É comum ouvirmos no plenário do Tribunal do Júri, sobretudo durante a sustentação oral da defesa, argumentos como este (típico exemplo de chantagem emocional (1)): "Qualquer um de nós pode acordar de manhã, olhar no espelho e dizer ''hoje, eu não vou roubar, estuprar ou fraudar!''. Mas ninguém pode dizer ''hoje, eu não vou matar'', porque qualquer um de nós está sujeito a tirar a vida de alguém... Quem aqui nunca sentiu vontade de matar?”
Diante dessa retórica, um Promotor de Justiça minimamente perspicaz, instantaneamente, fará uso de aparte-indagação: "E por que não matou, doutor?"
Matar é um desejo que pode - e deve - ser plenamente contido pelo livre arbítrio. A não ser o "matar-para-não-morrer" (legítima defesa), tirar a vida de alguém é um ato pleno de escolha, e não de instinto de conservação.
A vida em sociedade impõe a contenção dos apetites e desejos pessoais. Quem age por instinto é animal irracional. Matar como ato de autodefesa ou sobrevivência (cadeia alimentar) é comum no reino animal. A maioria dos assassinatos é sinônimo de intolerância. Mata-se por raiva, ódio, vingança, vergonha, egoísmo, ciúme, possessão, avareza, inveja, ganância etc.
Ninguém pode mudar o que deseja. Mas qualquer um pode mudar o que faz. Isso o que importa. Entre o desejo e a ação há uma miríade de possibilidades. Vontade de matar? Muitos sentiram, sentem ou sentirão. Matar? Poucos mataram, matam ou matarão. Aí está a linha divisória entre civilização e barbárie.
A vida em sociedade reclama contenção de realização de apetites, impulsos ou vontades. Quem não se contém, não está apto a viver em comunidade. Nisso reside a necessidade de sanção penal, como forma de intimidação, exemplariedade e busca permanente de paz social.

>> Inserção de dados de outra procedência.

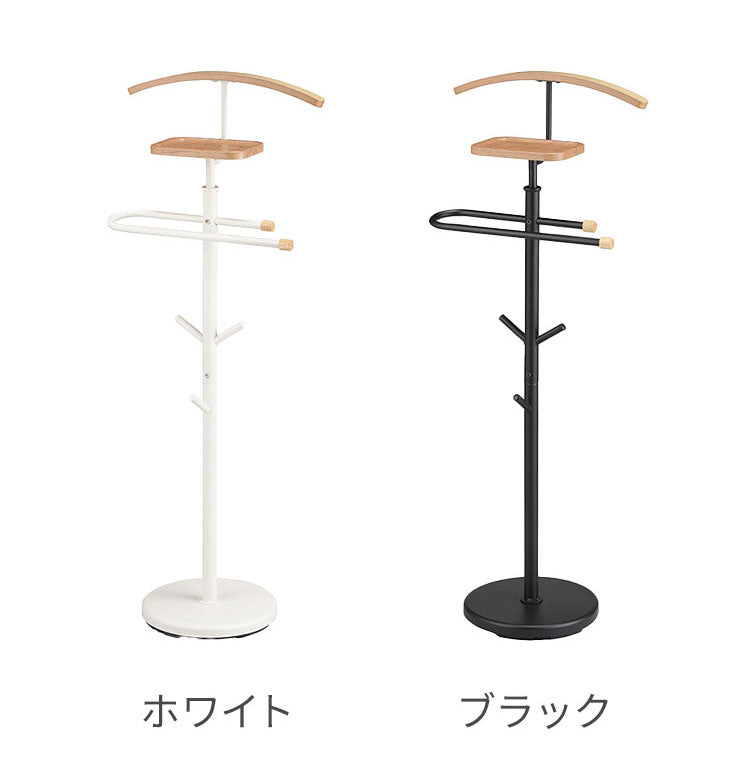 スーツ&スラックスハンガー 棚付き フック付き ハンガーラック スーツ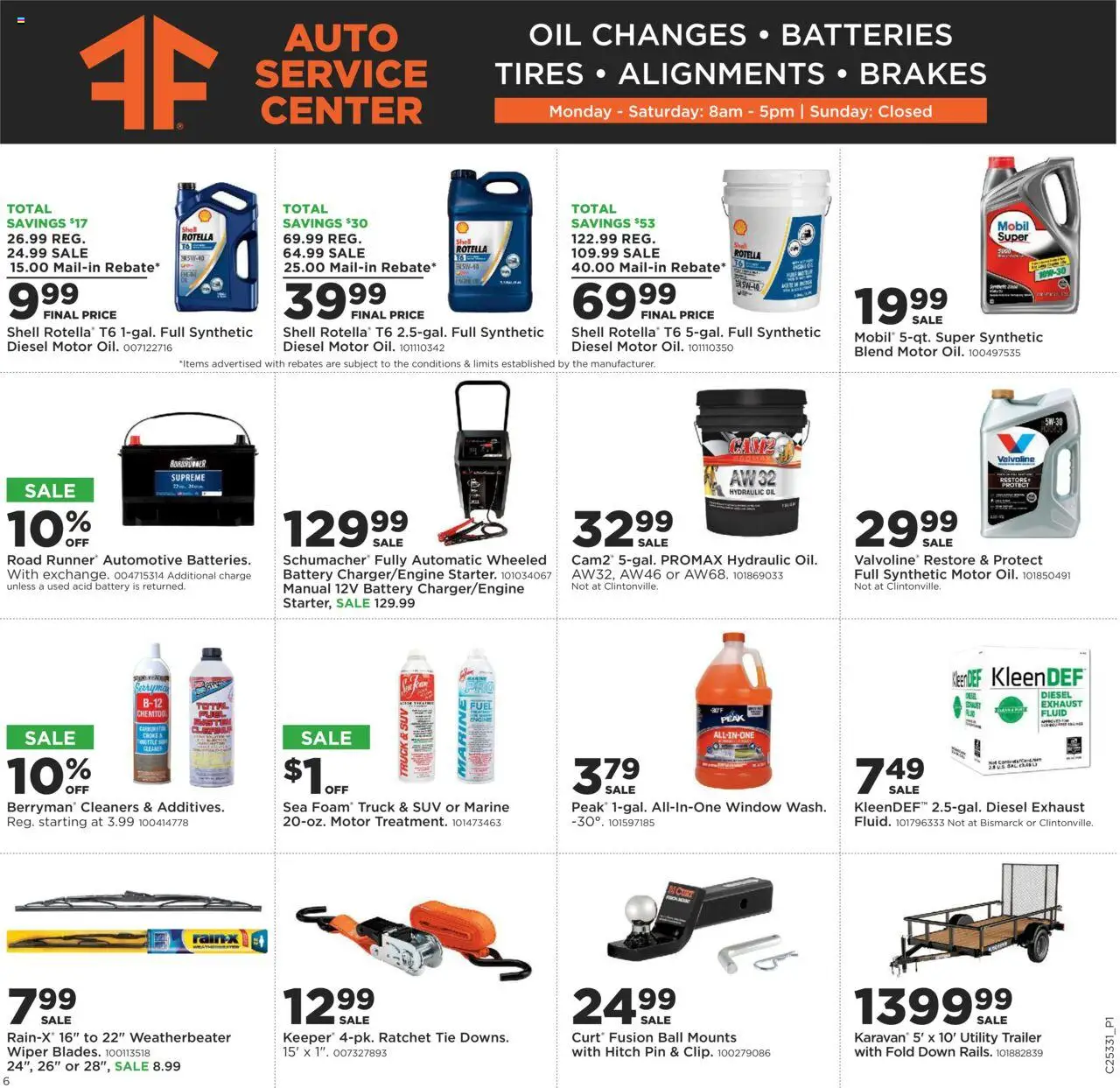 Mills Fleet Farm Weekly Ad - valid from 14.08.2025 | Page: 6 | Products: Fusion, Pin, Oil, Carburetor
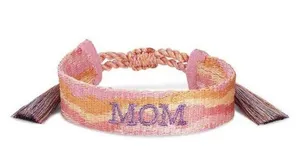 Kendra Scott "Mom" 14k Gold-Plated Friendship Woven Adjustable Bracelet in Pink thumbnail 1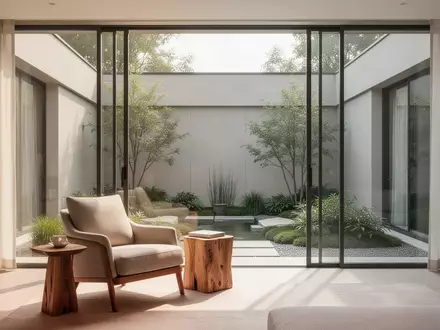 Ein helles, modern eingerichtetes Wohnzimmer mit Blick in einen ruhigen Garten, das eine Atmosphäre von häuslicher Geborgenheit vermittelt. - Foto: über boerse-global.de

Portanto, até prova em contrário, somos seres livres e responsáveis por nossas escolhas e ações. Somos seres dotados de dignidade humana. Por isso, o ato extremo de matar alguém reclama censura séria, firme e grave, como forma de reafirmação da liberdade (limitada) e de reverência pela vida. E a sanção penal confirmará a dignidade humana de quem matou. Afinal, só os animais irracionais não respondem por seus atos.
Nota:
1 - Em 1998, a famosa terapeuta norte-americana Susan Forward publicou o livro “Emotional Blackmail”, que, naquele mesmo ano, foi traduzido e lançado no Brasil com o título “Chantagem Emocional”. A obra analisa, com rara maestria, uma forma poderosa de manipulação das pessoas por meio do emprego do medo, da obrigação e da culpa. O chantagista emocional articula habilmente as palavras com o objetivo de engaiolar pessoas, que, por sua vez, veem mitigado seu livre arbítrio, tornando-se, assim, presas fáceis para fazerem o que ele quer que façam.